- Required action -
Starting at the line below holding "People fly Kongming" and stopping at the line holding "An OLS teacher", print every line exactly, both ends included, and leave the rest out.

- Material provided -
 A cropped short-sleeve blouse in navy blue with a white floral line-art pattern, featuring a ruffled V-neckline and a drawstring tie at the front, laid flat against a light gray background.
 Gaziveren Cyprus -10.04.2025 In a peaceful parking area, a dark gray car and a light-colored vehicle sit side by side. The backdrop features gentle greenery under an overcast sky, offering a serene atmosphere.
---
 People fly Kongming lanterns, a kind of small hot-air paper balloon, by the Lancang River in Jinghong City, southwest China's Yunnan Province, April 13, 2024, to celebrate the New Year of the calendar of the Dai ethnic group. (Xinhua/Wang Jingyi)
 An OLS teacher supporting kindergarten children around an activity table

- Written response -
 People fly Kongming lanterns, a kind of small hot-air paper balloon, by the Lancang River in Jinghong City, southwest China's Yunnan Province, April 13, 2024, to celebrate the New Year of the calendar of the Dai ethnic group. (Xinhua/Wang Jingyi)
 An OLS teacher supporting kindergarten children around an activity table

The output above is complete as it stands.